28 January 2008
day trip to trieste
He liked to remember his happy days and spoke preferably of Trieste. His thoughts lingered on this topic with delight. There for a few short years he had enjoyed some moments of respite; fate had spared him some time. This pretty, good-natured Austrian city, half-slavic and half-Italian (Edmund Gosse termed this "life in Germany"), with the gaiety of the Midi, the medley of languages, the animation of a harbour, and an already exotic, oriental flavour (as Veronese's Venice), had given him an extreme pleasure: there were no classical monuments, no Roman mementoes as in Split or Ancona. But there was the rock of Ithaca, and on the sea, the sail of Ulysses - Louis Gillet on Joyce
By the time we reached Trieste from Ljubljana, it felt like summer had already begun. Although not quite as obsessively tidy as the Slovenian city, the faded glamour of the seafront city across the border had its own inimical order.
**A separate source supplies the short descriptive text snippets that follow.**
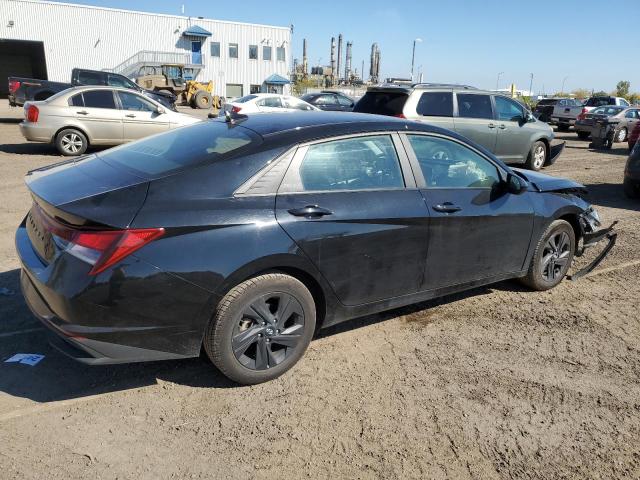 2021 HYUNDAI ELANTRA SE - KMHLM4AG5MU151592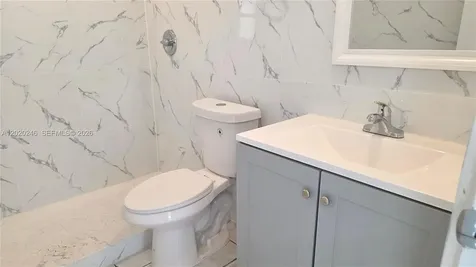 525 NE 132nd Terrace North Miami FL 33161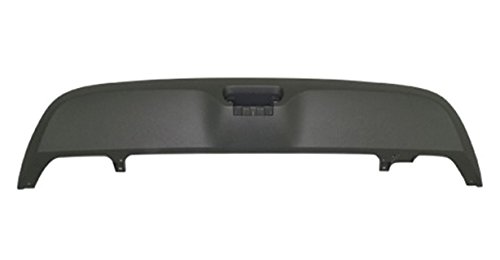 Equal Quality P7710 Spoiler Par hinten Equal Quality P7710 Spoiler Par hinten von Equal Quality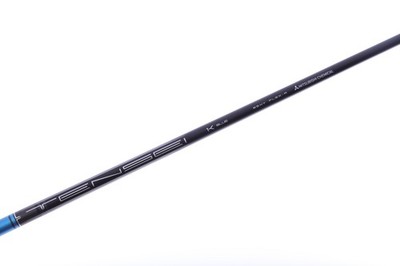 Mitsubishi Tensei 1K Blue Hybrid Shaft Stiff Graphite - 38.5 in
Closed for the holiday season, with no Joyce or Svevo museum to visit, we nevertheless made the most of the squares and public spaces.
Children seemed to be absent from the city, though we were later to be proved wrong on this account.
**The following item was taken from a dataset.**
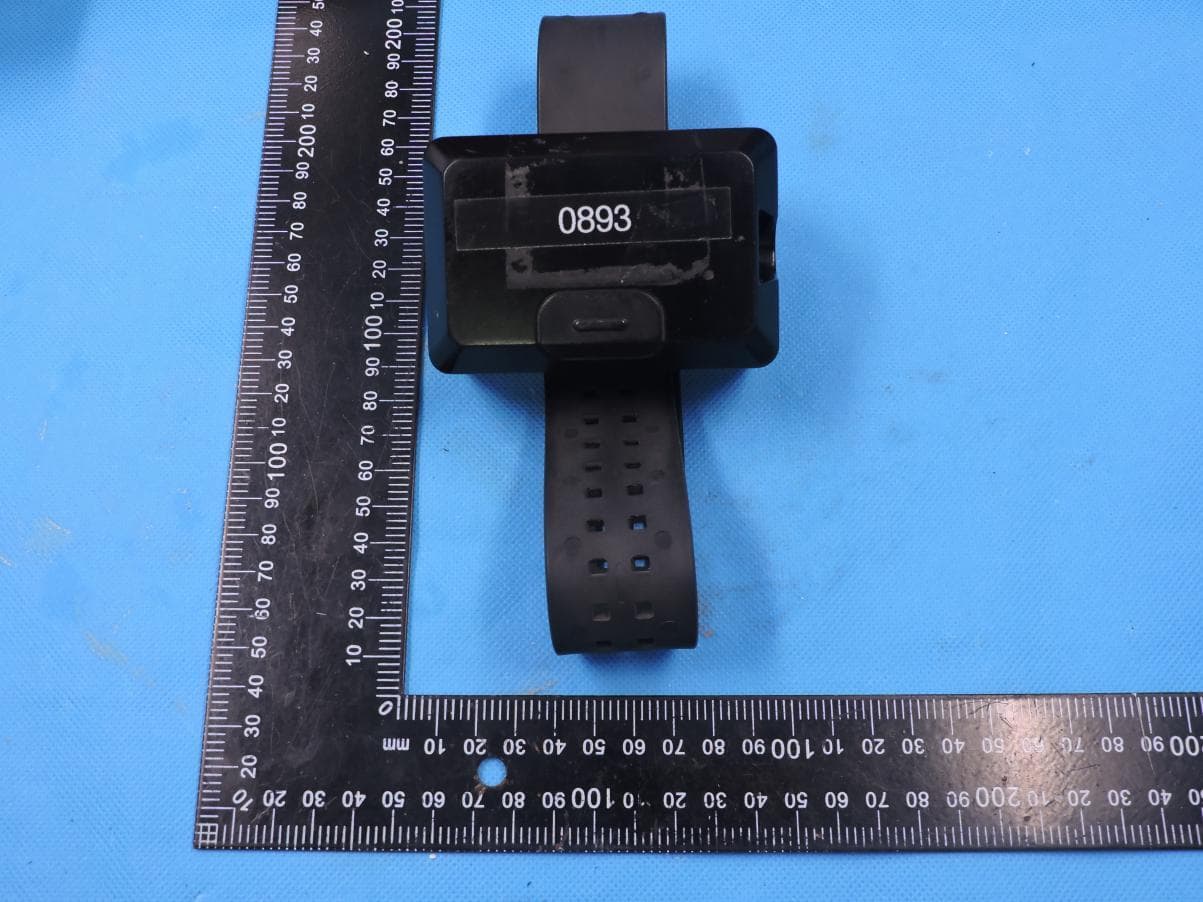 Electronic bracelet - FCC ID 2A8J9-ADS1M1 - Freecell (4)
Trieste was for him a little Ireland which he was able to contemplate with more detachment than he could his own country - Italo Svevo on Joyce
At least one of us was overjoyed by the revelation that the city of Trieste enjoyed its pigs in various ways.
The semiotics of a tawdry Catholicism mingled peaceably with scooters and cars.
Later that day we stumbled upon a strange kind of celebration, for what we never found out. Coloured strips of paper were blasted from a canon in one of the central squares.
Italy was currently without government. A cartoon in that morning's Il Manifesto contained the following exchange between two characters: 'Prodi's gone and Berlusconi is not yet here'...'let us enjoy this beautiful moment'.
Amongst the ticker-tape, a colourful band played off-kilter marches whilst children dressed as animals danced around them.
In the completely evacuated Il Museo Revoltella, which featured some exceedingly strange paintings from between the two world wars, there hung an extract from Plato's Symposium.
Billboards...
Trains...The dishevelled Romanian train to Budapest, with its The Lady Vanishes carriages got us back to Ljubljana just before 2am. The city was deserted.